◆ What is being asked ◆
Copy task. Retype the whole listing exactly, omitting any picture in it.

◆ Exercise data ◆
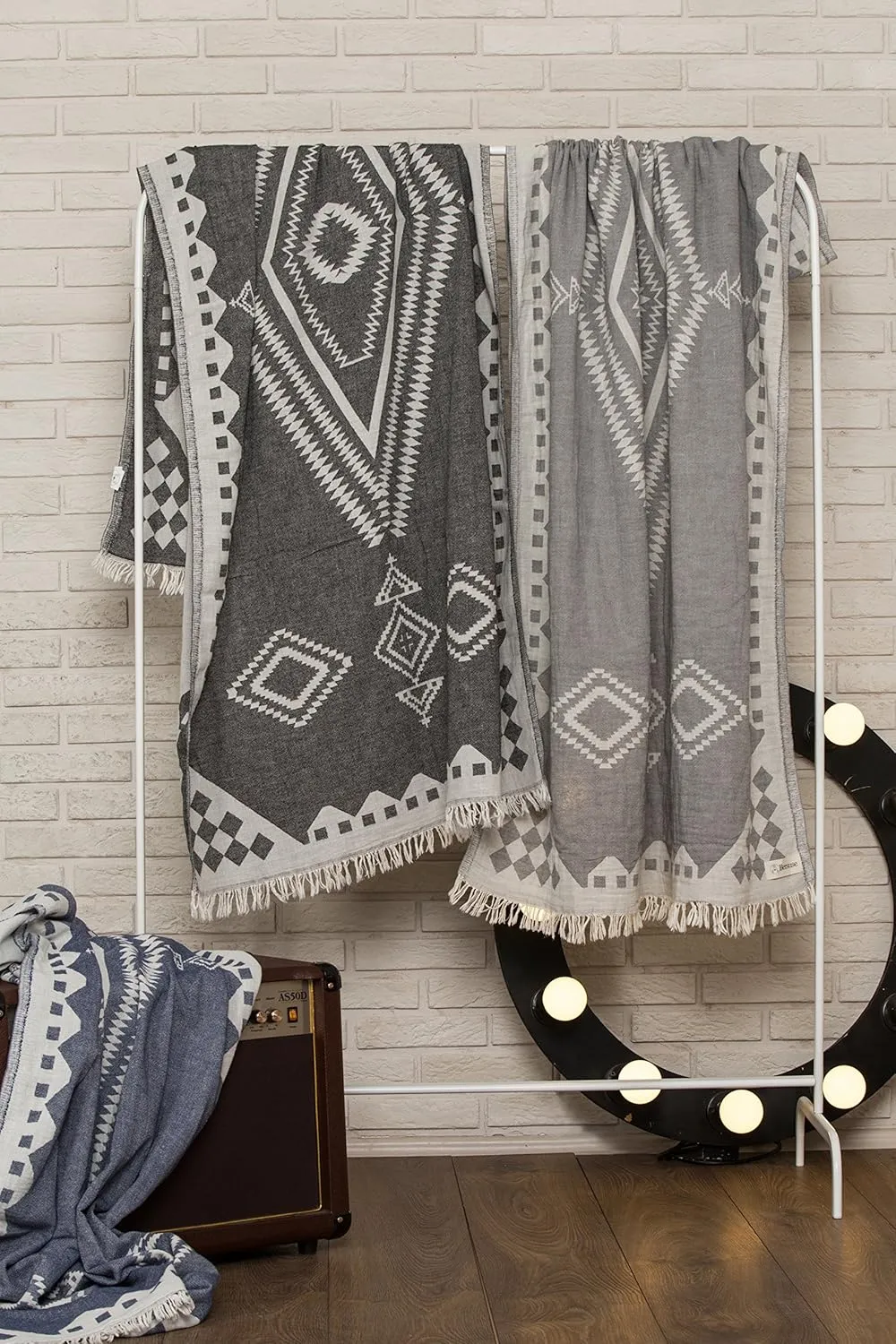 Bersuse 100% Cotton Bahamas Turkish Towel Beach Towel Bath Towel Dual Layer Peshtemal Beach Blanket Beach Essentials - 37x70 Inches, Silver Gray (Set of 6)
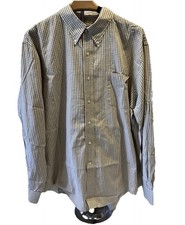 Vintage Lands End 17-35 Regular Gingham Button Down Shirt Blue Yellow Cotton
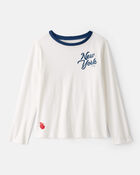 Girls New York Long-Sleeve Graphic Tee - White, image 1 of 3 slides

◆ Solved exercise ◆
 Bersuse 100% Cotton Bahamas Turkish Towel Beach Towel Bath Towel Dual Layer Peshtemal Beach Blanket Beach Essentials - 37x70 Inches, Silver Gray (Set of 6)
 Vintage Lands End 17-35 Regular Gingham Button Down Shirt Blue Yellow Cotton
 Girls New York Long-Sleeve Graphic Tee - White, image 1 of 3 slides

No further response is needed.